Word Economic Outlook
IWF erwartet stärkeres Wachstum

Die Weltwirtschaft könnte in diesem Jahr trotz des hohen Ölpreises so stark wachsen wie seit 25 Jahren nicht mehr. Der Internationale Währungsfonds (IWF) rechne in seinem noch unveröffentlichten Word Economic Outlook mit einem Plus von 4,9%, berichtet die „Süddeutsche Zeitung“ unter Berufung auf IWF-Kreise.

HB/asr DÜSSELDORF. Bereits im Frühjahr hatte der Fonds seine Prognose für das globale Wachstum auf 4,6% von 4,0% angehoben. Für 2005 rechnet der Fonds der Zeitung zufolge nach wie vor mit einem Zuwachs von 4,4%.

In vielen Teilen der Welt werde die Wirtschaft 2004 stärker wachsen als im Frühjahr vorausgesagt, heißt es dem Blatt zufolge in der vorläufigen Fassung des Berichts. Der hohe Ölpreis berge aber Risiken für die Zukunft. Die USA, China und Japan wachsen demnach 2004 kräftig. Auch Deutschland profitiere über seine Exporte vom globalen Aufschwung, hinke aber aufgrund der schwachen Binnennachfrage dennoch weiter hinterher.

Der US-Index der Frühindikatoren ist im Juli den zweiten Monat in Folge gefallen. Das Barometer gab um 0,3 Prozent auf 116,0 Punkte nach, wie das private Forschungsinstitut Conference Board gestern mitteilte. Das ist der der stärkste Rückgang seit Februar 2003. Volkswirte hatten im Vorfeld nur mit einem Absinken von 0,1 bis 0,2 Prozent gerechnet. Der Index gibt Auskunft über die erwartete Wirtschaftsentwicklung in den kommenden drei bis sechs Monaten. as Institut verweist darauf, dass die Daten der vergangenen zwei Monate eine „weit verbreitete Schwäche“ der Frühindikatoren andeuten.

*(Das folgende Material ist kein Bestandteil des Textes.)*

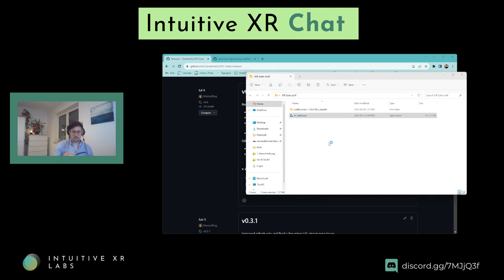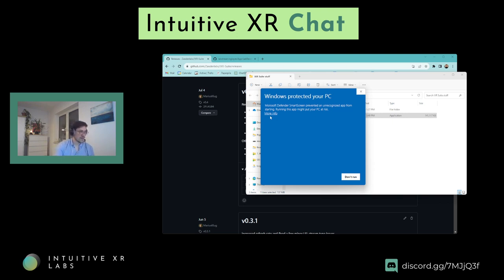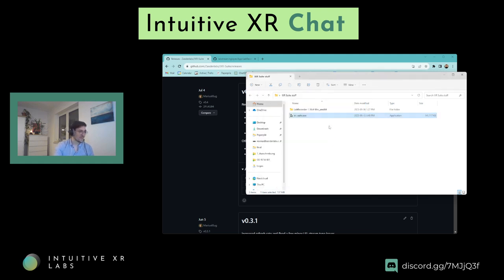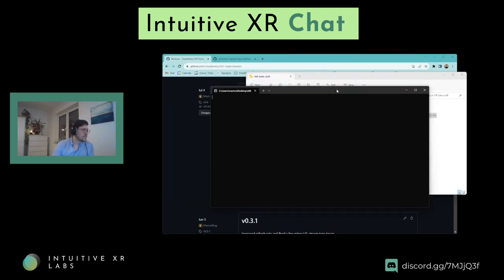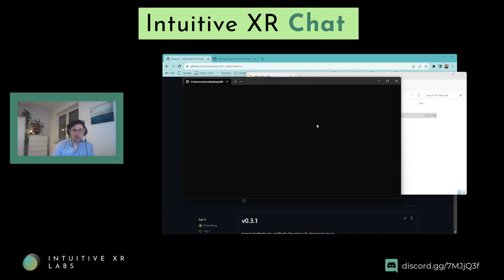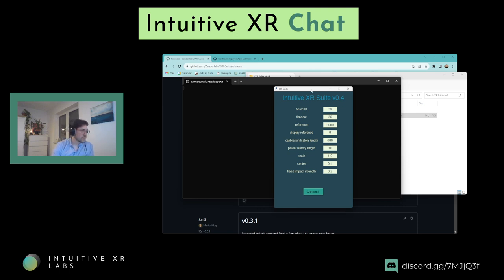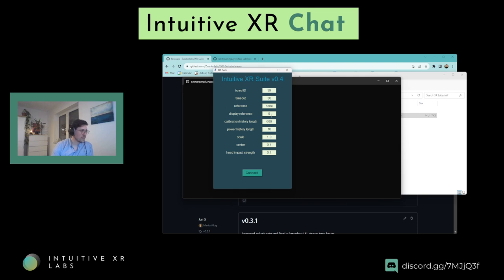If we start the IXR Suite and switch on the Muse, the first time you run it you'll get an insecure provider or unknown publisher warning — that's me, so if you trust me you can run it. The IXR Suite takes a while to boot because it needs to load all the background files and libraries. If you have a Muse like this, you can leave the board ID at 39. If you have different devices, you can use a separate board ID.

Joseph A. LaVorgna, Ökonom bei der Deutschen Bank, geht davon aus, dass die jetzt veröffentlichten Daten bald nach oben revidiert werden dürften. Die Annahmen des Conference Boards seien zu pessimistisch. Er erwartet für das zweite Halbjahr ein Wachstum von mindestens 4 Prozent.